祭囃し

読了。
ネタバレ注意!

カケラを紡ぐことの困難さと、初めて登場した選択というゲーム性が合っているなぁとか思いつつ、解決への道をたどる。
その先に見えたものというか、作者があとがきで語りすぎてしまっている「システム」そのものの是非は置いておく。
私にとって一つ問題だったのは、その「システム」の適応され方である。「システム」やその他の前提となるあれこれを「現実」に外挿することで、一つの話が作られていくのに異存はない。つまり、「もしもボックス」で電話をかけることはいいと思う。しかし、その「もしもボックス」が故障していて、何も言っていないのに勝手に動き、人が死ぬ世界をどうころんでも傷つかない世界に変えてしまったなら、リコールを主張することは間違っていないだろう。間違えた。これは勝手な思い込み。

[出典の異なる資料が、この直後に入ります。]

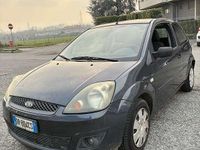 Usata Ford Fiesta Titanium 75 CV (55 kW) 2008 Grigio Utilitaria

「システム」の力が強すぎて、どこまでいっても、キャラクターが「システム」に守られる世界を作ってしまった。要は、これまでの人が死ぬ(と私が思い込んでいた)世界と本作に登場したキャラクターが全く傷つかない世界の齟齬*1が違和感の原因だったのだと思う。

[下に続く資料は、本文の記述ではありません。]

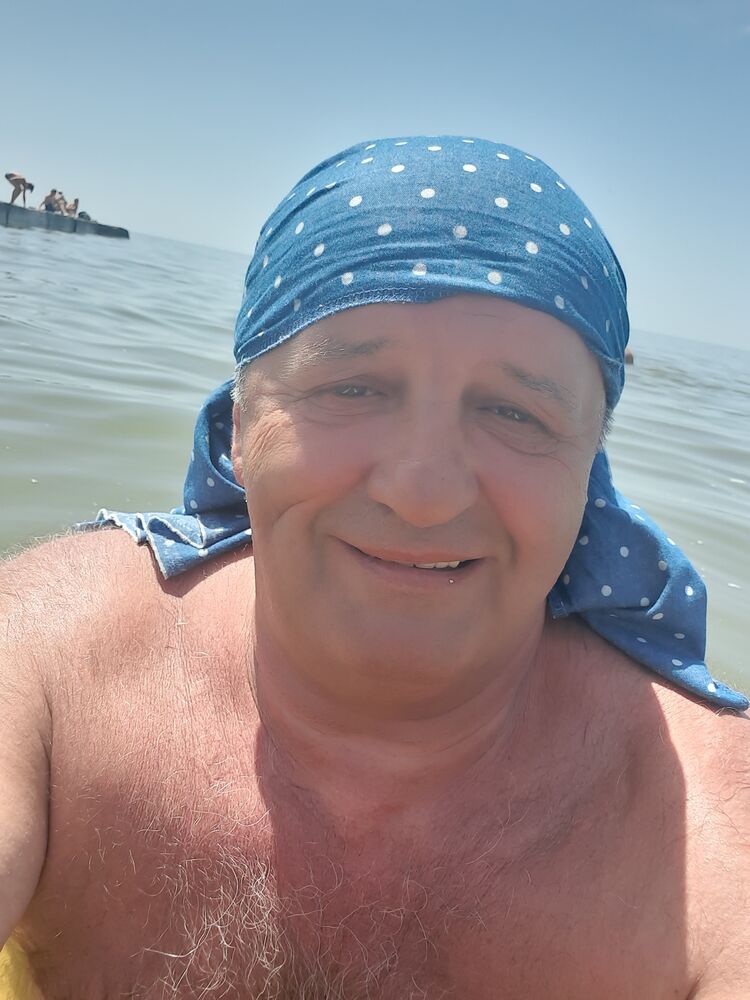  43680299  , 62 ,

この作品が特異なところは、読者が作者になりかわって、あるべき祭囃しを構築することが奨励されていることである。つまり、文句あるなら代案を見せろと。ここで、真犯人と神様の持つ思いの戦いは、作者と読者の妄想力の戦いへと変化する。
オッカムの剃刀を持ち出して、最節約基準で説明しろと思うなら、それは各人が行えばいい。徹甲弾や固有結界やザ・ワールドなんかを持ち出さないと上手く着地しないのはおかしいと思うなら、その方法を自分で考えろということ。
これを責任放棄ととらえてもいいとは思う。だが、わざわざ作者への反論を織り込み済みで発表するのはスタッフルームにもあったように、読者にものを作ってもらいたいという作者の思いの表れということでいいんではなかろうか。
=壮大な釣り説

*1:リアリティのレベルの差とも言えるか。